ANKA’da yer alan habere göre, Eğitim Sen Genel Başkanı Kemal Irmak çocukları için okul hazırlığı yapan velilerin masrafları karşılama konusunda güçlük çektiğini söyledi. Irmak, “Maalesef yüksek enflasyon yoksulluğu daha da derinleştiriyor. Bunun sonucu yoksulluk da yaygınlaşıyor.
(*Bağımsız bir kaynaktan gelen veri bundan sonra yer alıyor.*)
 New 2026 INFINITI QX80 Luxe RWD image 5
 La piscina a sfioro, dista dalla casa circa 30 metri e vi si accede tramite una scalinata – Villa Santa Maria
Bu durum en fazla okul çağında öğrencileri olan yoksul aileleri vuruyor” dedi.

Okul ihtiyaçlarındaki artışın enflasyonun çok üstünde seyrettiğini belirten Irmak, sözlerini şöyle sürdürdü:

“Ülkemizde okumak kadar aile bütçesine çok büyük yük olan başka hiçbir kalem yok. Anayasanın 45. maddesi zorunlu eğitimin herkes için parasız olduğunu söyler. Ancak gerçek hiç de böyle değil. Ülkemizde çalışanların neredeyse yüzde altmışı, yetmişi asgari ücretle çalışıyor. Asgari ücretin 17 bin TL olduğu gerçeğinde, araştırmalar ilk ve orta okula giden her bir öğrenci için aylık, 4 bin lira ile 11 bin lira arasında okul harcaması yapıldığı gerçeğini ortaya koyuyor. Kıyafet, defter, kalem, kırtasiye giderleri, yemek, ulaşım en büyük gider kalemi. Bütün bunlar yaşanırken, Millî Eğitim Bakanlığı, önce ikili eğitim yapan okullara taşımalı gelen öğrencilerin yemeğini kesti. Sonra köy okullarında taşıma ile gelen ve öğrenci sayısı 10’un altında öğrencilerle, 30 kilometre uzakta olan öğrencileri taşımayacağı kararını aldı. Bu öğrenciler ya yurtlara yerleştirilecek ya da veliler kendi paraları ile çocukları okula gönderecekler. Diğer seçenek ise bu çocuklar okul dışında kalacaklar. Bu kadar yoksulluğun içinde devletin asli görevi bu çocukların en iyi şartlarda okullaşmasını sağlamakken, tasarruf tedbirleri doğrultusunda özellikle yoksul aile çocuklarının okuma hakkının bizzat MEB eliyle dolaylı da olsa engellendiğine tanık oluyoruz.”

“Veliler temel ihtiyaçları bile karşılamakta güçlük çekiyor''

Eğitim-İş Başkanı Kadem Özbay ekonomik kriz derinleştikçe veliler için çocuklarını okula hazırlamanın her geçen gün daha da zor hale geldiğini söyleyerek “Eğitim masraflarındaki fahiş artış, sadece ailelerin bütçelerini değil, aynı zamanda çocukların eğitim hakkını da ciddi şekilde tehdit ediyor” dedi.

“Kırtasiye malzemelerinden kıyafetlere, kitaplardan okul ücretlerine kadar her alanda yaşanan zamlar, özellikle birden fazla çocuğu olan aileleri daha da zor bir durumda bırakıyor” ifadelerini kullanan Özbay, sendika olarak gözlemlerine göre eğitim masraflarındaki artışın enflasyon oranlarının çok üzerinde olduğunu şu şekilde anlattı:

“Veliler, çocuklarının temel eğitim ihtiyaçlarını karşılamakta bile güçlük çekiyor, bu da toplumun geleceğini şekillendirecek nesillerin eğitimden mahrum kalması riskini doğuruyor. Birçok aile, temel ihtiyaçlarını dahi karşılayamaz hale gelmişken, eğitim masraflarının bu denli yükselmesi, eğitimde fırsat eşitsizliğini daha da derinleştirmekte. Fiyatlandırmalar konusunda acil adımlar atılması gerekiyor. Eğitim materyallerinin fiyatlarının kontrol altında tutulması, temel ihtiyaçların devlet tarafından karşılanması ve okullarda velilerden kayıt ücreti talep edilmesinin kesinlikle yasaklanması, en öncelikli adımlar olmalı.”

Eğitimin her çocuğun hakkı olduğunu ve bu hakkın ekonomik kriz bahane edilerek gasp edilemeyeceğini vurgulayan Özbay “kayıt parasının” anayasaya aykırı olduğunu vurguladı.